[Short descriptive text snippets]
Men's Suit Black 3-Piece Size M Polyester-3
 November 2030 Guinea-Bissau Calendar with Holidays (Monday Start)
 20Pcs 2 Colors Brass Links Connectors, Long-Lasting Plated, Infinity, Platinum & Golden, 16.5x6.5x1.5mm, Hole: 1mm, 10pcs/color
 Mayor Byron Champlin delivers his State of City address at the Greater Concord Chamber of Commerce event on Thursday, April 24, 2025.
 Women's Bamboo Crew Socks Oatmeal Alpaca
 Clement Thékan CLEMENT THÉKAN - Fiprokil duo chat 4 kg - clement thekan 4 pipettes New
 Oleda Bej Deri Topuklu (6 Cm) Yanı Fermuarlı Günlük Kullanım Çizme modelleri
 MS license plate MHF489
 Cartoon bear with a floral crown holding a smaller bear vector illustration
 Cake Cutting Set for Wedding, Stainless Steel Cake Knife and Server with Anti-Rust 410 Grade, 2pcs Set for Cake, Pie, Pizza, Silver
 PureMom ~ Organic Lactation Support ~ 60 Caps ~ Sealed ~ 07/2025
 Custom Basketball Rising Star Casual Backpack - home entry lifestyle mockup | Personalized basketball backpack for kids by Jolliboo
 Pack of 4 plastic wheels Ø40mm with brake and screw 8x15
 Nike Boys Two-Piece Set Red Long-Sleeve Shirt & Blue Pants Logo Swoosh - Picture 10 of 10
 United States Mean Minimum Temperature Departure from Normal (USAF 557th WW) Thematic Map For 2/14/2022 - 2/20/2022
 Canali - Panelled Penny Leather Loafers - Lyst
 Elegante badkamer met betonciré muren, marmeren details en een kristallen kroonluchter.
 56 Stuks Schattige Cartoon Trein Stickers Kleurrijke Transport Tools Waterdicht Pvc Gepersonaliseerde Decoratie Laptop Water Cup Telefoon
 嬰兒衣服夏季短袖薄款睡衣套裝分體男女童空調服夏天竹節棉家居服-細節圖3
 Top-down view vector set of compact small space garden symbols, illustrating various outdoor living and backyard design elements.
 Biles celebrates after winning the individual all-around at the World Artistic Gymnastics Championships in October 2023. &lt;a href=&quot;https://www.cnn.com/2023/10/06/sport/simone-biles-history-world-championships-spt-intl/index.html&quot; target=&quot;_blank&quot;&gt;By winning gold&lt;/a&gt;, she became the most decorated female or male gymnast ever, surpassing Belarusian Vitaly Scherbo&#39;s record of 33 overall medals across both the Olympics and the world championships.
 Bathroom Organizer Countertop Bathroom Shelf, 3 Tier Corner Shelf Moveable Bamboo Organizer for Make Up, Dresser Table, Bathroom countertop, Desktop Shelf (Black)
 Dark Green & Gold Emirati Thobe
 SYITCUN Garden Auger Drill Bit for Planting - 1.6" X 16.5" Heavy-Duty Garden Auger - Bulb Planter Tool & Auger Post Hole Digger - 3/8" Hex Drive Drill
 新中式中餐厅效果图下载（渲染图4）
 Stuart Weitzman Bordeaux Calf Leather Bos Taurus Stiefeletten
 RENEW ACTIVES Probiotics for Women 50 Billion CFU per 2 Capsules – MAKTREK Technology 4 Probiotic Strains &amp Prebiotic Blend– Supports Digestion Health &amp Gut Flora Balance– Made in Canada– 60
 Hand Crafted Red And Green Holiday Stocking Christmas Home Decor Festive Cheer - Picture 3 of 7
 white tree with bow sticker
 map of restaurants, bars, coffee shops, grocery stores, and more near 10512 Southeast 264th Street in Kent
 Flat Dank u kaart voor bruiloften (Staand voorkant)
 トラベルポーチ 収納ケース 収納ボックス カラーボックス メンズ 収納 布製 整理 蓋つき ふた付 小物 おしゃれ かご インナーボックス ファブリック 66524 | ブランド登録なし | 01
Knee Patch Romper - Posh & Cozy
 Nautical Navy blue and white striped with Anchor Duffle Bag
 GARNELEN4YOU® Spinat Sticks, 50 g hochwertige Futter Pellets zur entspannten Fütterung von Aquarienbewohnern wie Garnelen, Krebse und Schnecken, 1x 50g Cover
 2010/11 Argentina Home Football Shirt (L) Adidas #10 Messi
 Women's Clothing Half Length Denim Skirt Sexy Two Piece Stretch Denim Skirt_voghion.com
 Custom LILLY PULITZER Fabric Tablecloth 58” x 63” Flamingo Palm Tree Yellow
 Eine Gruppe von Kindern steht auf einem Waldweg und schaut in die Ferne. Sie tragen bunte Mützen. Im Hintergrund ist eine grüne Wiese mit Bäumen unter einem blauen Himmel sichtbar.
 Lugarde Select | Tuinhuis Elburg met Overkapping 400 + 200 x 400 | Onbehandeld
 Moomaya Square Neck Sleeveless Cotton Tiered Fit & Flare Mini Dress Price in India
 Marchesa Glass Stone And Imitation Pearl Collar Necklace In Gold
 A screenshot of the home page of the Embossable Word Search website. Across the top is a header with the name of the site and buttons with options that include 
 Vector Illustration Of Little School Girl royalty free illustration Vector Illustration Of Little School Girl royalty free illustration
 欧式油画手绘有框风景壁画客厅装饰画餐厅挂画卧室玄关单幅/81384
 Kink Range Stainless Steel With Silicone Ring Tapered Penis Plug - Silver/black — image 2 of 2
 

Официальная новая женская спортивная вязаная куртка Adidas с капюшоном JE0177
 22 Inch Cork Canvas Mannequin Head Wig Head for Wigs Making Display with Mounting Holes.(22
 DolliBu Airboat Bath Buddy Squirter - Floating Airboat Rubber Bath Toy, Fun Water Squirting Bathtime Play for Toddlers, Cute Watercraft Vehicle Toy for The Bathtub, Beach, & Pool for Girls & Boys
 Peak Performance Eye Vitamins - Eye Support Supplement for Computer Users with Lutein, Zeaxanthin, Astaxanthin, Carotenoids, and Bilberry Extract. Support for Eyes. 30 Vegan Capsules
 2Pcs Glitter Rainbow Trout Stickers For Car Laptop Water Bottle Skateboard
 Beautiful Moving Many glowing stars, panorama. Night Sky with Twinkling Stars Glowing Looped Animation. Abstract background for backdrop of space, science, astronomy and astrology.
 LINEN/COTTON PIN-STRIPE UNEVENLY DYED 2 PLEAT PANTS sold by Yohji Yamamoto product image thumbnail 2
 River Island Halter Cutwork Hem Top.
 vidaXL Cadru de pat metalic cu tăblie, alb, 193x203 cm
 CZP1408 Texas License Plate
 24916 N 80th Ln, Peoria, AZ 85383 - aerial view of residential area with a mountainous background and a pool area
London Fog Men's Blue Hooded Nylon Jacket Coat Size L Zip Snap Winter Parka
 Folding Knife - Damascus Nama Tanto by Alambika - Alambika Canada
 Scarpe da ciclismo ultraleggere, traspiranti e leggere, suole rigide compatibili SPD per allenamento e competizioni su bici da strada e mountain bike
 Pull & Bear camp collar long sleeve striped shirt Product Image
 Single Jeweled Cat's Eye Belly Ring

Problem details = Every entry should be reproduced word for word.

Response to this task =
Men's Suit Black 3-Piece Size M Polyester-3
 November 2030 Guinea-Bissau Calendar with Holidays (Monday Start)
 20Pcs 2 Colors Brass Links Connectors, Long-Lasting Plated, Infinity, Platinum & Golden, 16.5x6.5x1.5mm, Hole: 1mm, 10pcs/color
 Mayor Byron Champlin delivers his State of City address at the Greater Concord Chamber of Commerce event on Thursday, April 24, 2025.
 Women's Bamboo Crew Socks Oatmeal Alpaca
 Clement Thékan CLEMENT THÉKAN - Fiprokil duo chat 4 kg - clement thekan 4 pipettes New
 Oleda Bej Deri Topuklu (6 Cm) Yanı Fermuarlı Günlük Kullanım Çizme modelleri
 MS license plate MHF489
 Cartoon bear with a floral crown holding a smaller bear vector illustration
 Cake Cutting Set for Wedding, Stainless Steel Cake Knife and Server with Anti-Rust 410 Grade, 2pcs Set for Cake, Pie, Pizza, Silver
 PureMom ~ Organic Lactation Support ~ 60 Caps ~ Sealed ~ 07/2025
 Custom Basketball Rising Star Casual Backpack - home entry lifestyle mockup | Personalized basketball backpack for kids by Jolliboo
 Pack of 4 plastic wheels Ø40mm with brake and screw 8x15
 Nike Boys Two-Piece Set Red Long-Sleeve Shirt & Blue Pants Logo Swoosh - Picture 10 of 10
 United States Mean Minimum Temperature Departure from Normal (USAF 557th WW) Thematic Map For 2/14/2022 - 2/20/2022
 Canali - Panelled Penny Leather Loafers - Lyst
 Elegante badkamer met betonciré muren, marmeren details en een kristallen kroonluchter.
 56 Stuks Schattige Cartoon Trein Stickers Kleurrijke Transport Tools Waterdicht Pvc Gepersonaliseerde Decoratie Laptop Water Cup Telefoon
 嬰兒衣服夏季短袖薄款睡衣套裝分體男女童空調服夏天竹節棉家居服-細節圖3
 Top-down view vector set of compact small space garden symbols, illustrating various outdoor living and backyard design elements.
 Biles celebrates after winning the individual all-around at the World Artistic Gymnastics Championships in October 2023. &lt;a href=&quot;https://www.cnn.com/2023/10/06/sport/simone-biles-history-world-championships-spt-intl/index.html&quot; target=&quot;_blank&quot;&gt;By winning gold&lt;/a&gt;, she became the most decorated female or male gymnast ever, surpassing Belarusian Vitaly Scherbo&#39;s record of 33 overall medals across both the Olympics and the world championships.
 Bathroom Organizer Countertop Bathroom Shelf, 3 Tier Corner Shelf Moveable Bamboo Organizer for Make Up, Dresser Table, Bathroom countertop, Desktop Shelf (Black)
 Dark Green & Gold Emirati Thobe
 SYITCUN Garden Auger Drill Bit for Planting - 1.6" X 16.5" Heavy-Duty Garden Auger - Bulb Planter Tool & Auger Post Hole Digger - 3/8" Hex Drive Drill
 新中式中餐厅效果图下载（渲染图4）
 Stuart Weitzman Bordeaux Calf Leather Bos Taurus Stiefeletten
 RENEW ACTIVES Probiotics for Women 50 Billion CFU per 2 Capsules – MAKTREK Technology 4 Probiotic Strains &amp Prebiotic Blend– Supports Digestion Health &amp Gut Flora Balance– Made in Canada– 60
 Hand Crafted Red And Green Holiday Stocking Christmas Home Decor Festive Cheer - Picture 3 of 7
 white tree with bow sticker
 map of restaurants, bars, coffee shops, grocery stores, and more near 10512 Southeast 264th Street in Kent
 Flat Dank u kaart voor bruiloften (Staand voorkant)
 トラベルポーチ 収納ケース 収納ボックス カラーボックス メンズ 収納 布製 整理 蓋つき ふた付 小物 おしゃれ かご インナーボックス ファブリック 66524 | ブランド登録なし | 01
Knee Patch Romper - Posh & Cozy
 Nautical Navy blue and white striped with Anchor Duffle Bag
 GARNELEN4YOU® Spinat Sticks, 50 g hochwertige Futter Pellets zur entspannten Fütterung von Aquarienbewohnern wie Garnelen, Krebse und Schnecken, 1x 50g Cover
 2010/11 Argentina Home Football Shirt (L) Adidas #10 Messi
 Women's Clothing Half Length Denim Skirt Sexy Two Piece Stretch Denim Skirt_voghion.com
 Custom LILLY PULITZER Fabric Tablecloth 58” x 63” Flamingo Palm Tree Yellow
 Eine Gruppe von Kindern steht auf einem Waldweg und schaut in die Ferne. Sie tragen bunte Mützen. Im Hintergrund ist eine grüne Wiese mit Bäumen unter einem blauen Himmel sichtbar.
 Lugarde Select | Tuinhuis Elburg met Overkapping 400 + 200 x 400 | Onbehandeld
 Moomaya Square Neck Sleeveless Cotton Tiered Fit & Flare Mini Dress Price in India
 Marchesa Glass Stone And Imitation Pearl Collar Necklace In Gold
 A screenshot of the home page of the Embossable Word Search website. Across the top is a header with the name of the site and buttons with options that include 
 Vector Illustration Of Little School Girl royalty free illustration Vector Illustration Of Little School Girl royalty free illustration
 欧式油画手绘有框风景壁画客厅装饰画餐厅挂画卧室玄关单幅/81384
 Kink Range Stainless Steel With Silicone Ring Tapered Penis Plug - Silver/black — image 2 of 2
 

Официальная новая женская спортивная вязаная куртка Adidas с капюшоном JE0177
 22 Inch Cork Canvas Mannequin Head Wig Head for Wigs Making Display with Mounting Holes.(22
 DolliBu Airboat Bath Buddy Squirter - Floating Airboat Rubber Bath Toy, Fun Water Squirting Bathtime Play for Toddlers, Cute Watercraft Vehicle Toy for The Bathtub, Beach, & Pool for Girls & Boys
 Peak Performance Eye Vitamins - Eye Support Supplement for Computer Users with Lutein, Zeaxanthin, Astaxanthin, Carotenoids, and Bilberry Extract. Support for Eyes. 30 Vegan Capsules
 2Pcs Glitter Rainbow Trout Stickers For Car Laptop Water Bottle Skateboard
 Beautiful Moving Many glowing stars, panorama. Night Sky with Twinkling Stars Glowing Looped Animation. Abstract background for backdrop of space, science, astronomy and astrology.
 LINEN/COTTON PIN-STRIPE UNEVENLY DYED 2 PLEAT PANTS sold by Yohji Yamamoto product image thumbnail 2
 River Island Halter Cutwork Hem Top.
 vidaXL Cadru de pat metalic cu tăblie, alb, 193x203 cm
 CZP1408 Texas License Plate
 24916 N 80th Ln, Peoria, AZ 85383 - aerial view of residential area with a mountainous background and a pool area
London Fog Men's Blue Hooded Nylon Jacket Coat Size L Zip Snap Winter Parka
 Folding Knife - Damascus Nama Tanto by Alambika - Alambika Canada
 Scarpe da ciclismo ultraleggere, traspiranti e leggere, suole rigide compatibili SPD per allenamento e competizioni su bici da strada e mountain bike
 Pull & Bear camp collar long sleeve striped shirt Product Image
 Single Jeweled Cat's Eye Belly Ring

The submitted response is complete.